Regrouping after this, there’s a lot of discussion about the future and what Naomi should do next. Dee got some news on his own personal quest, and Naomi encourages him to follow up on it. I presume this would have been detailed if there had been a season two. The kids, being kids, have a party and talk about their future helping Naomi in her quest to defeat Brutus and learn the extent of what she can do. This hinted at something that might have been a lot of fun to see. In the last scene, Greg and Jennifer take Naomi out to the woods (cue ominous music) to hide some things from their past. Naomi’s memories suddenly start coming back, and she learns some shocking things. Her whole world is turned upside down, and she ends up flying away in shock into… well, it would have been into her future but there’s no more show.


What I Liked: A lot of this season has had some really irksome, weird, unexplained things, surrounded by wildly uneven writing. This episode was much better written and the dialogue especially was great. The kids all got some great lines, and the interplay between them was the best they’ve done in all thirteen episodes. It was nice seeing Naomi get a better handle on her abilities, finally. The big reveal at the end was surprising, but I could see it working, and it makes some things that happened earlier in the series a lot more sinister.

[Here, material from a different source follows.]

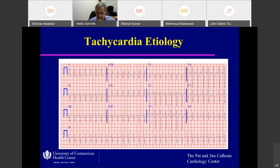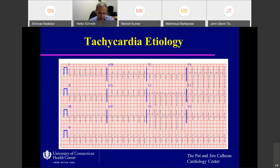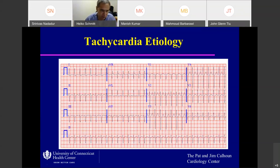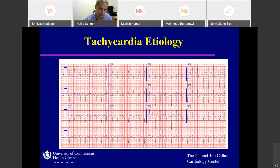Next ECG: very fast heart rate, almost 115, no clear P wave, regular. This is definitely SVT. The question is, what kind of SVT is the most likely one? If you have a regular SVT with flutter out of the picture and you don't see P waves, the differential diagnosis includes atrial tachycardia, AVNRT, and AVRT with orthodromic conduction.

What I Didn’t: A lot of the weirdness is never explained. Why did everyone think Superman was fictional and then start believing he was real? Why did Dee admit to the Superman “stunt”? Why did every single character have a compelling attraction to Naomi that, at times, really transcended any explanation, barring Annabelle? Why were all the other alien characters from Earth-29, but Dee was Thanagarian, and was he from 29’s Thanagar, or this world’s? For that matter, which Earth was all this happening on?

The last episode being so much better than the others was actually rather frustrating. It showed what this could have been, and, if they’d kept this level of quality throughout, I think they might have gotten a second season. I’ll give this finale a 4 out of 4, and the season a much lower 2.5 out of 5.

Goodbye, Naomi. I’ll miss some of the ideas here, and Annabelle for sure.